30. Enfin, nous notons que si les contribuables débiteurs ne pouvaient pas demander l’effacement de leurs données privées de la liste, toute ingérence dans leur vie privée faisait l’objet d’une limitation temporelle et le régime de publication était conçu de manière à garantir que les intéressés ne seraient pas identifiés sur la liste des principaux contribuables débiteurs pour une durée plus longue que celle qui était nécessaire aux fins de la divulgation. Les données à caractère personnel des contribuables étaient en effet retirées de la liste des principaux contribuables débiteurs dès le paiement par eux de leurs dettes fiscales ou, comme dans le cas du requérant, l’expiration du délai de prescription.

31. Pour ce qui est des répercussions sur la vie privée des personnes concernées et le risque d’atteinte à celle-ci, la Cour aurait dû estimer que même si l’on admet l’argument du requérant selon lequel il avait un intérêt, au regard de la protection de sa vie privée, à la non-divulgation de son adresse personnelle combinée avec des informations financières le concernant, ces répercussions n’apparaissaient pas excessives dans les circonstances particulières de l’espèce. Nous accordons un poids considérable dans notre appréciation au contexte dans lequel ces données ont été publiées. Comme indiqué ci-dessus, la perception de l’impôt revêt un caractère public évident et un contribuable ne peut raisonnablement s’attendre à ce que le non‑paiement par lui de ses dettes fiscales demeure une question purement privée, surtout dans un domaine comme celui de l’évasion fiscale qui attire autant l’attention du public. Ainsi, l’intérêt à la non-divulgation invoqué par le requérant était dicté en pratique non pas par le caractère privé de questions purement personnelles, mais plutôt par le souhait de garder l’anonymat relativement à son comportement en tant que contribuable.

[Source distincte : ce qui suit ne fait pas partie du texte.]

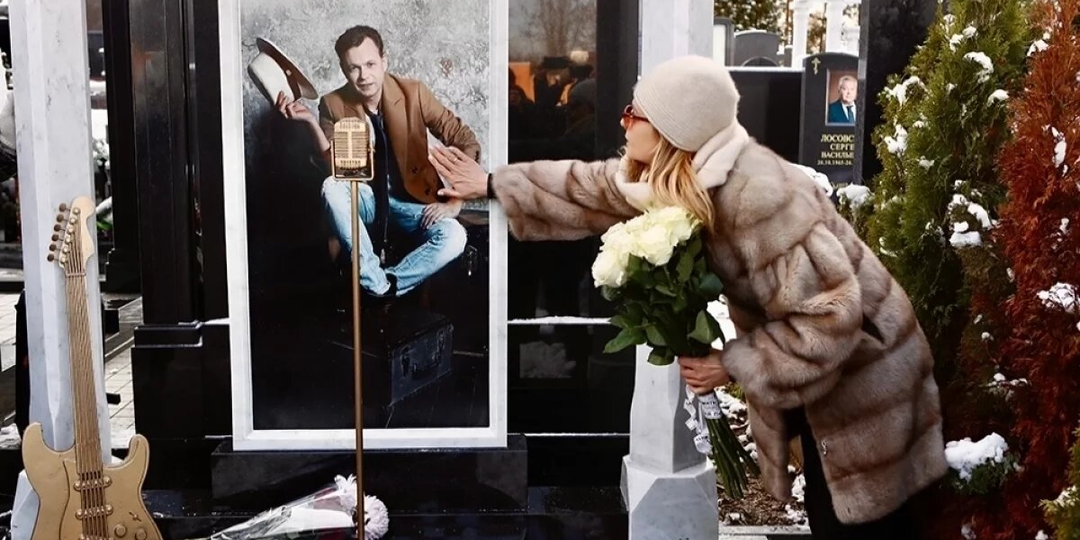 Последние слова — про любовь. На Троекуровском кладбище открыли памятник Владимиру Лёвкину, бывшему лидеру группы «На-на»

32. Au vu des considérations ci-dessus, nous estimons que les conséquences pour le requérant de la publication de ses données à caractère personnel ne l’ont pas emporté sur les motifs convaincants, exposés ci‑dessus, avancés à l’appui de la mesure générale litigieuse. Dans les circonstances de l’espèce, nous sommes convaincus que la divulgation des données à caractère personnel du requérant était justifiée par des motifs pertinents et suffisants et que la mesure litigieuse était assortie de limitations importantes et de garanties effectives et adéquates contre les abus. Elle n’était donc pas disproportionnée aux buts légitimes poursuivis.

33. Partant, nous concluons qu’il n’y a pas eu violation du droit du requérant au respect de sa vie privée tel que garanti par l’article 8 de la Convention.

* * *

[1] Dans la version anglaise, le dernier mot en question est « merits » qui, dans le contexte de la présente affaire, est traduit par « fond » mais signifie aussi en français « mérite », « valeur ».

[2] NdT : La version anglaise utilise l’expression « appropriately tailored » qui est aussi employée au paragraphe 137 de l’arrêt : « it does not appear that the legislature contemplated taking measures to devise appropriately tailored responses », traduit en français par « il n’apparaît pas que le législateur ait envisagé de prendre des mesures pour concevoir des réponses adaptées eu égard au principe de la minimisation des données ».

[3] Décision de la Commission du 26 juillet 2000 relative à la constatation, conformément à la directive 95/46/CE du Parlement européen et du Conseil, du caractère adéquat de la protection des données à caractère personnel en Hongrie (2000/519/CE).